6 manolo 2016-02-25 22:19:43 [PC]

2-5.
 難民申請の増大に伴い、難民不認定・退去強制処分の取り消しを求める訴訟も増加している。こうした訴訟では、拷問が行われるおそれのある国への送還禁止を定める拷問禁止条約3条が援用されることがある。*また、児童がかかわる場合には、児童の「最善の利益」の考慮を定めた児童の権利に関する条約3条が援用されることがある。(p.137)

*裁判では、退去強制の結果として児童が父母から分離されても、児童の権利第3条に反しないと判断されている。これは日本が同条約9条1項(父母からの分離を禁止する規定)に「出入国管理法に基づく退去強制の結果として父母から分離される場合に適用されるものではない」との解釈宣言を付していることに関係する。(p.137)

2-6.
 2008年12月の閣議了解において第三国定住による難民の受け入れを実施することが決定され、2010年度より5年間年30人の予定でタイの難民キャンプに滞在するミャンマー難民を受け入れている。(p.137)
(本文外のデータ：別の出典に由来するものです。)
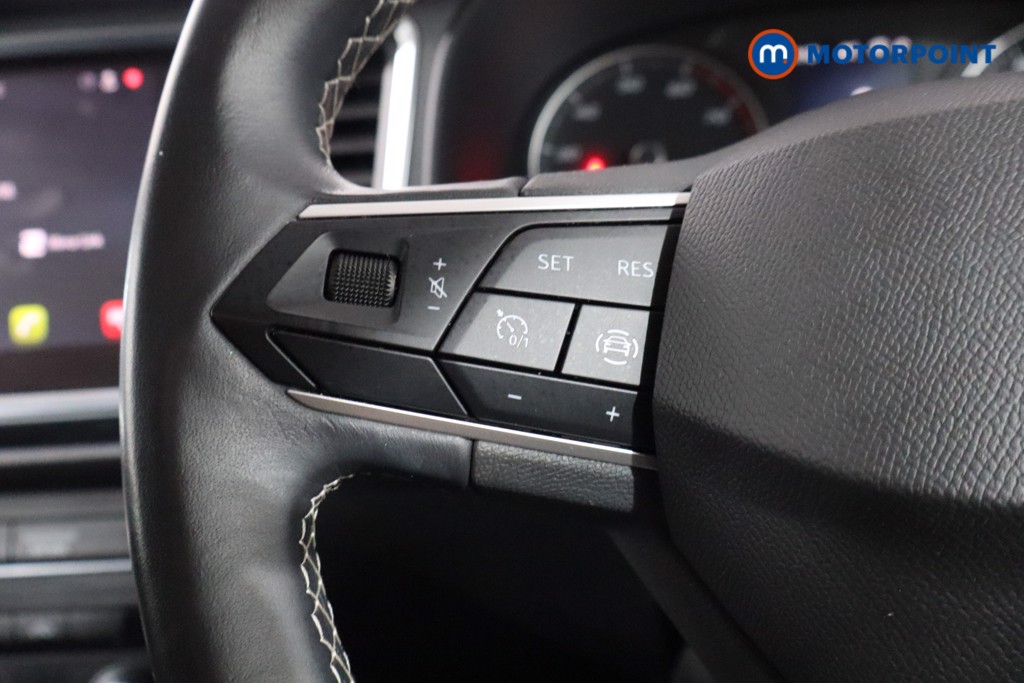 Seat Ateca Se Technology Automatic Petrol SUV - Stock Number (1493120) - 7th supplementary image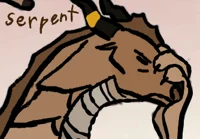 Serpent - Sandwing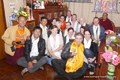 KHCP-Medical Camps at Sherab Gyaltsen Rinpoche's Manang Gompa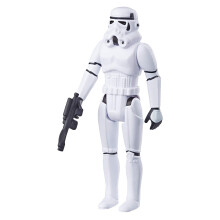 Collection r   tro Star Wars 2019    pisode IV : Un nouvel espoir Stormtrooper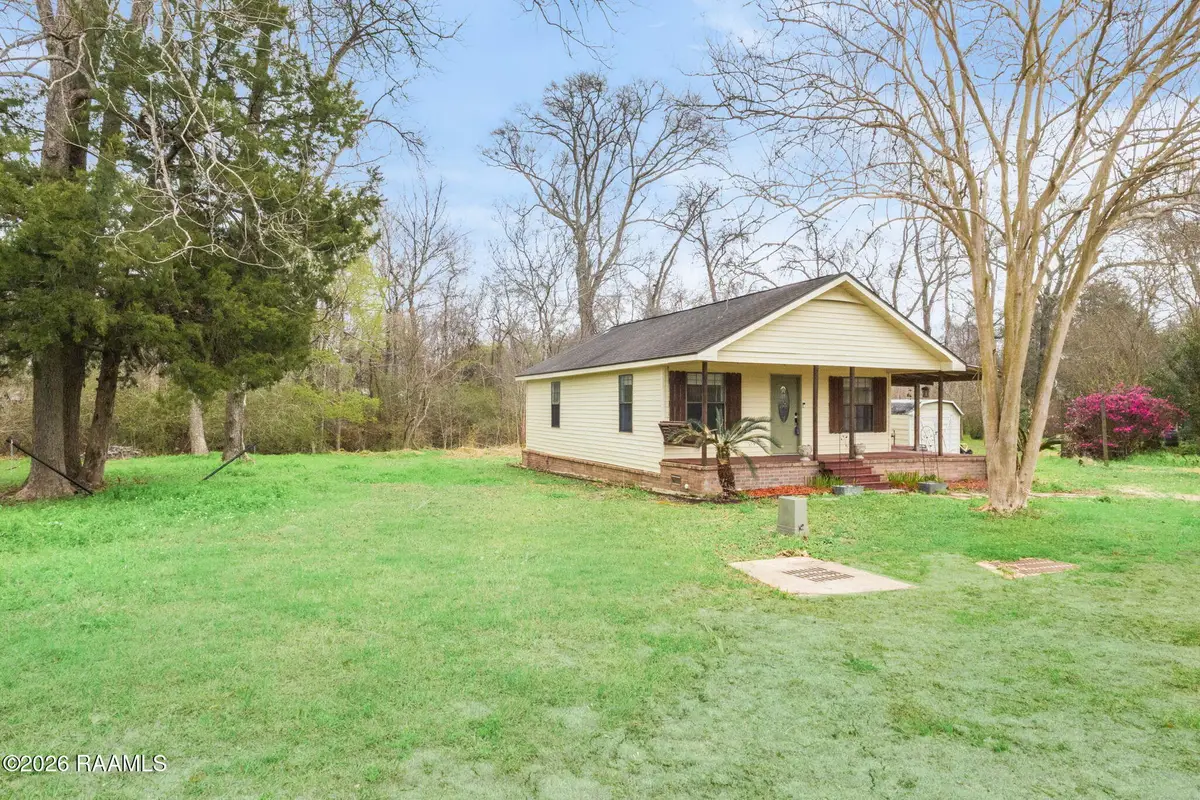 115 Bacon Lane, Carencro, LA 70520 - #1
7 manolo 2016-02-25 22:24:31 [PC]

3. 出典:『ニューズウィ−ク日本版』「「難民」か「移民」か その違いはどこに?」、9/15/2015、p.27

メディア
定義も線引きも曖昧な部分が多いが
正確に伝えるための努力は必要だ

3-1.
 いま世界各地にあふれるおびただしい数の避難民について、メディアはよく「移民」と「難民」という呼称を区別せず使っている。だが両者の間には、政治的・法的に違いがある。国連難民高等弁務官事務所(UNHCR)によれば、難民は「自国での紛争または迫害を逃れ、安全を求め他国に移る人々だ。一方、移民は「迫害や死といった直接の脅威でなく、主により良い生活や仕事、教育を求めて、あるいは家族との再会、その他の理由によって移住を選択」する人々を指す。移民と違って難民は、1951年に採択された難民条約の下で一定の法的保護を受ける権利が認められている。

3-2.
 カタールの衛星テレビ局アルジャジーラは最近、地中海を渡ってヨーロッパを目指す人々を今後「移民」とは呼ばないという編集方針を発表した。その理由について、「移民という言葉の意味が本来の定義から変化して、対象となる人から人間性を奪い距離を置く、軽蔑的な意味合いを持つようになった」からだとしている。だがそうは考えていない向きもある。米ニューヨーク・タイムズ紙もCNNも「移民」という言葉を使っているが、そこに深い意味はない。一般的に使われる「移民」という言葉は、単により包括的な呼称にすぎない。

3-3.
 それに対し、「難民」という言葉には政治的な力がある。ヨーロッパで移民規制を訴える人々が「難民認定希望者(まだ認定されていない状態)」という言葉を好んで使う一つの理由は、それが彼らの移住動機に疑問の余地を残す呼称だからだ。「難民」が中傷と受け止められる場合もある。ハリケーン・カトリーナの襲来で被災し、05年8月にニュー・オーリンズから別の地域に移った人びと(主に黒人)に対して頻繁に使われた「難民」という呼称は、人種差別だとの声が上がった。